What you should do »
Exclude all pictures, and reproduce exactly the lines from the one containing "New spring mother" through the end of the records, with nothing else added.
....
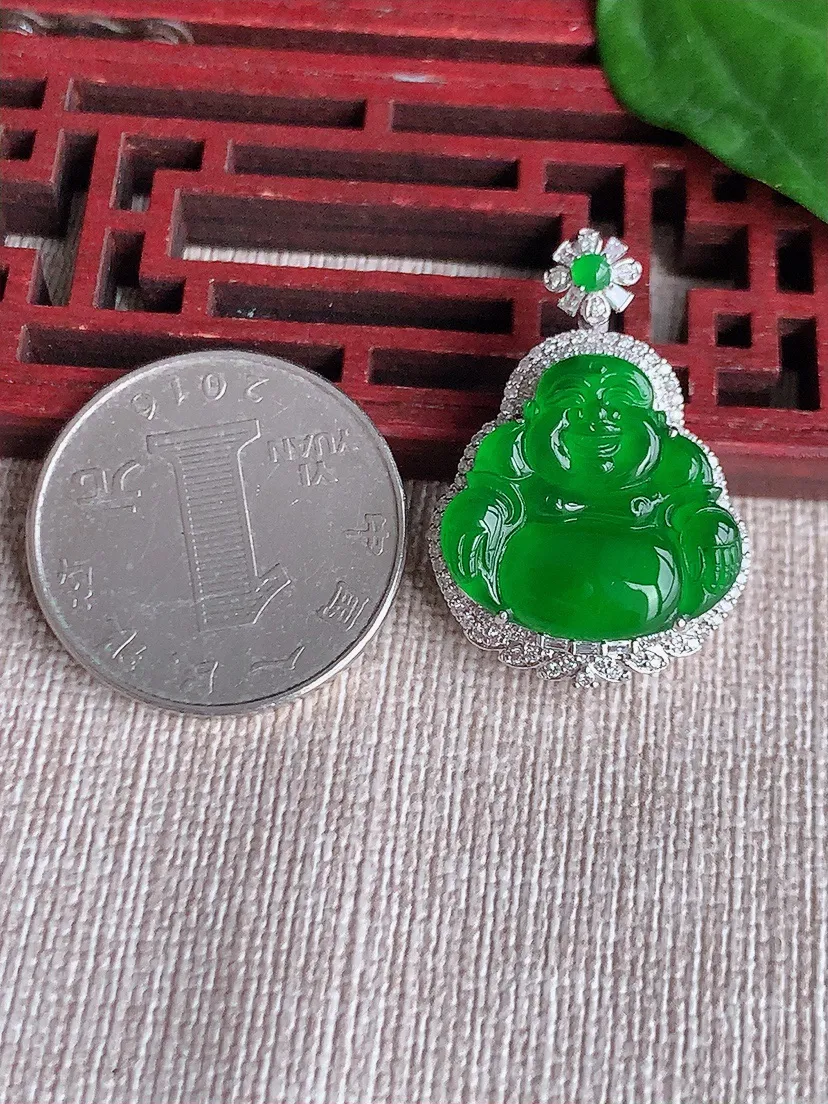 天然A货翡翠18K金伴满绿佛公吊坠尺寸30×20.7×8.7裸石18×19m量6.05g 0518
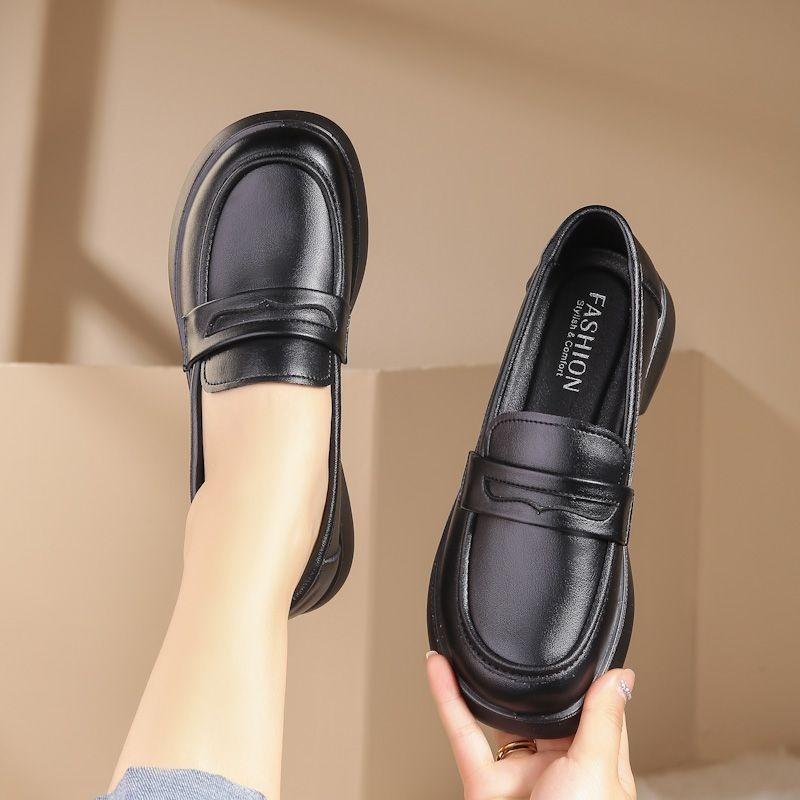 New spring mother shoes medium and old comfortable soft sole non-slip middle-aged flat shoes soft leather one pedal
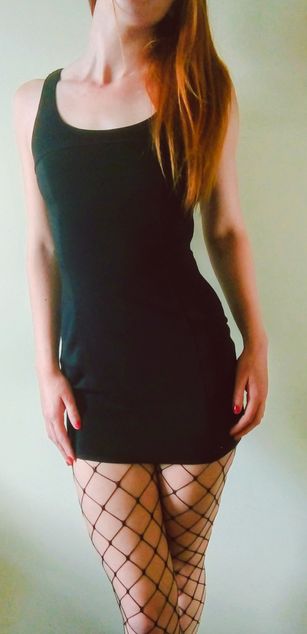 Model - British Redhead Robyn redhead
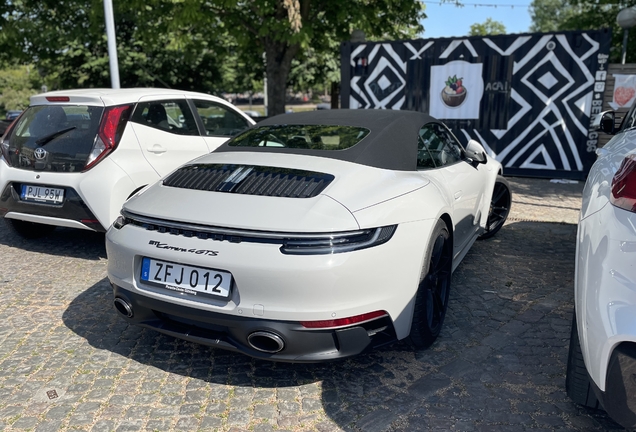 Porsche 992 Carrera 4 GTS Cabriolet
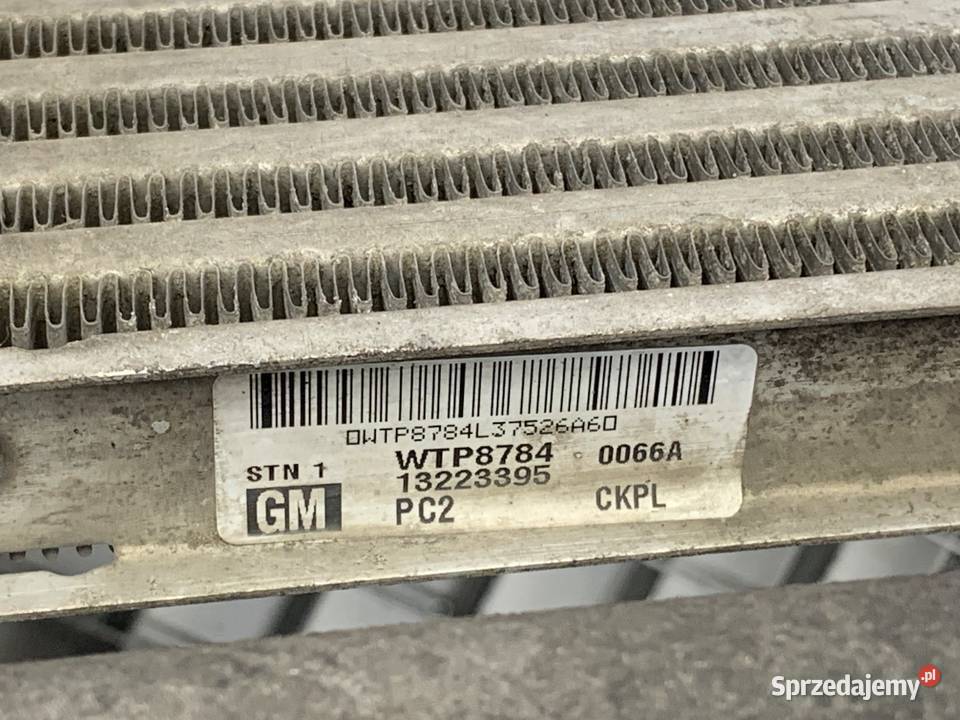 INTERCOOLER OPEL ZAFIRA B 13223395 19 120 0519 sprzedam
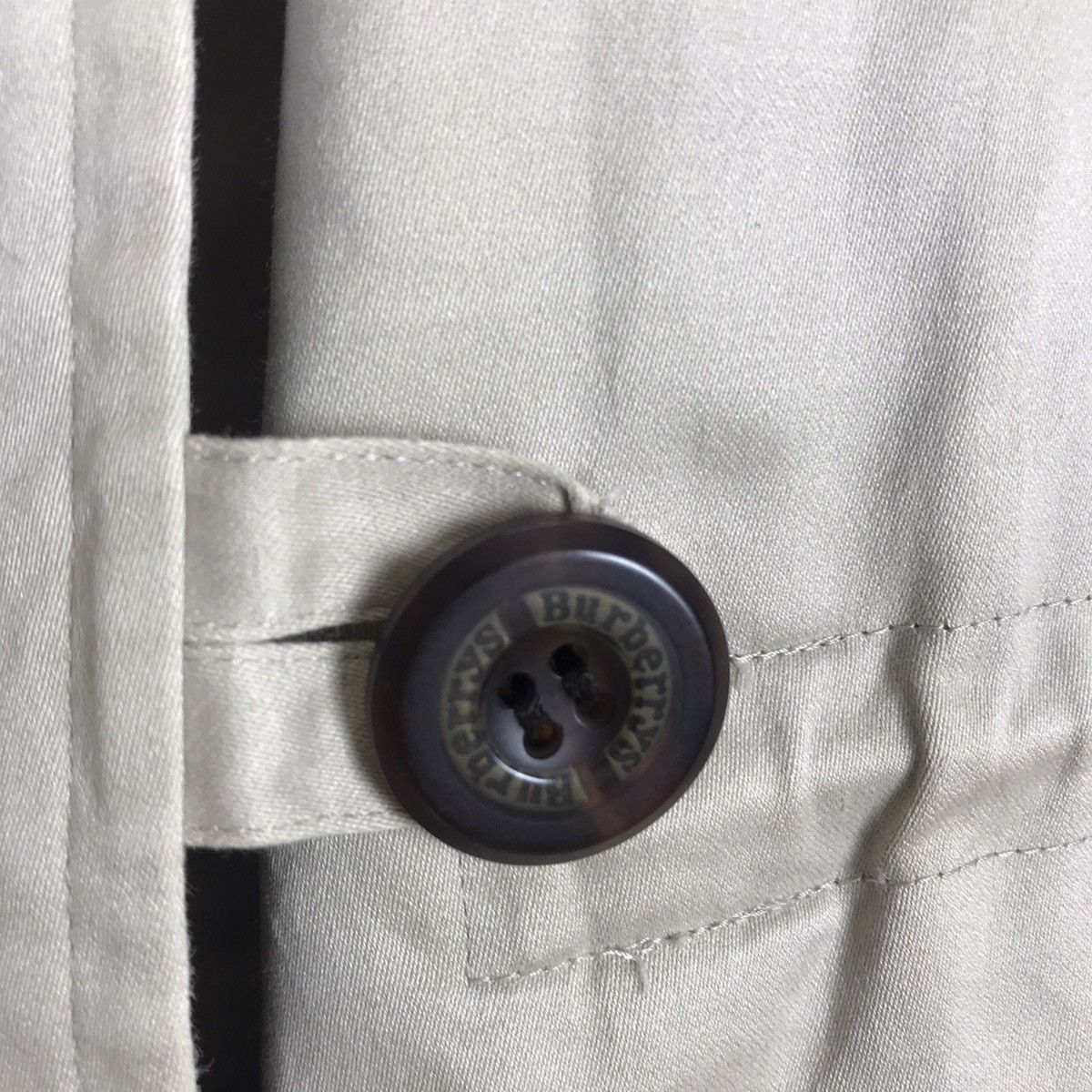 Burberry × Vintage Vintage Burberrys trench coat jacket Size US M / EU 48-50 / 2 - 5 Thumbnail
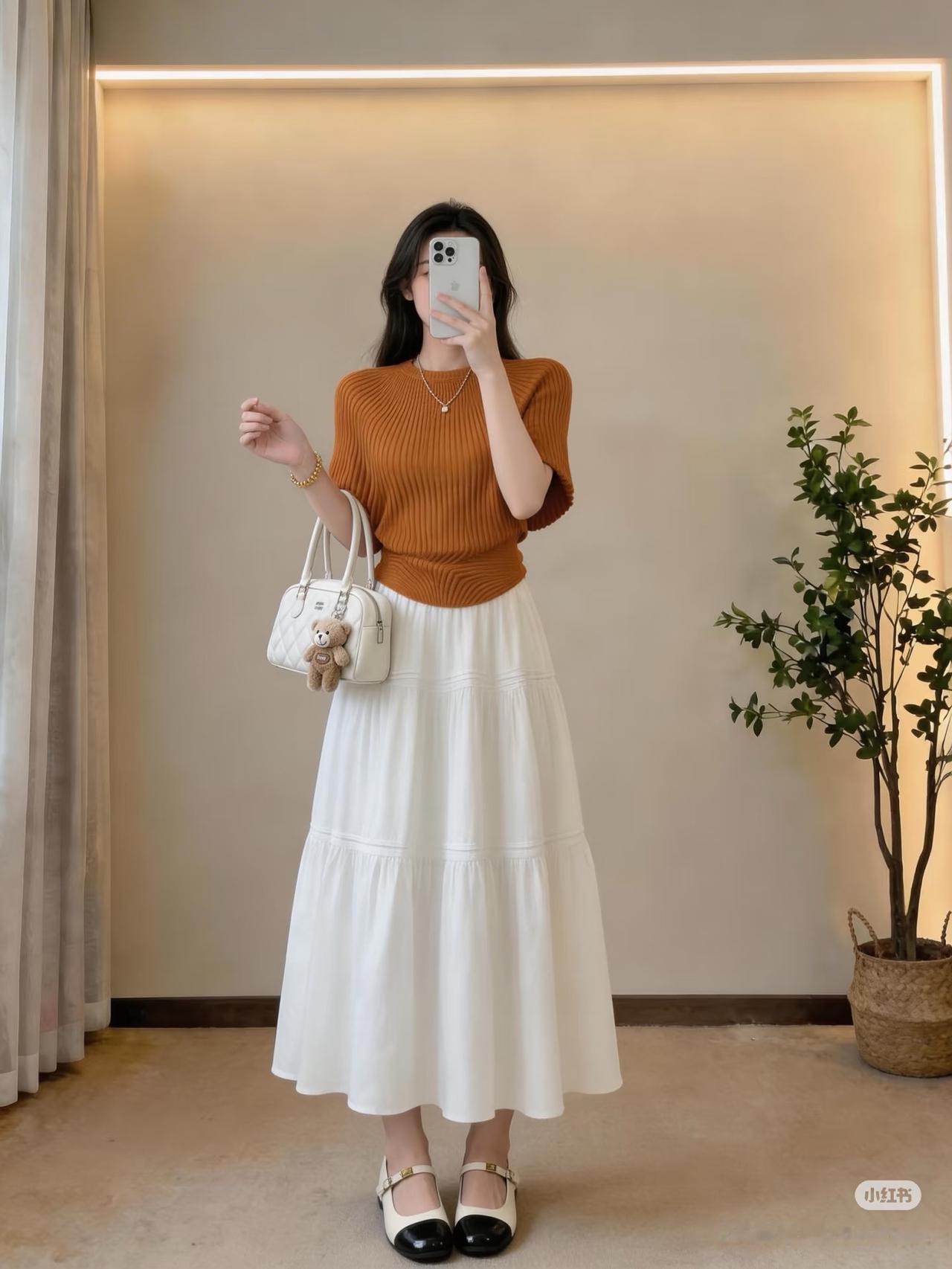 漂亮长裙一条就够｜白➕橙🍊每天都是元气look公主们～论这条白色长款半身裙➕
....
Written solution »
 New spring mother shoes medium and old comfortable soft sole non-slip middle-aged flat shoes soft leather one pedal
 Model - British Redhead Robyn redhead
 Porsche 992 Carrera 4 GTS Cabriolet
 INTERCOOLER OPEL ZAFIRA B 13223395 19 120 0519 sprzedam
 Burberry × Vintage Vintage Burberrys trench coat jacket Size US M / EU 48-50 / 2 - 5 Thumbnail
 漂亮长裙一条就够｜白➕橙🍊每天都是元气look公主们～论这条白色长款半身裙➕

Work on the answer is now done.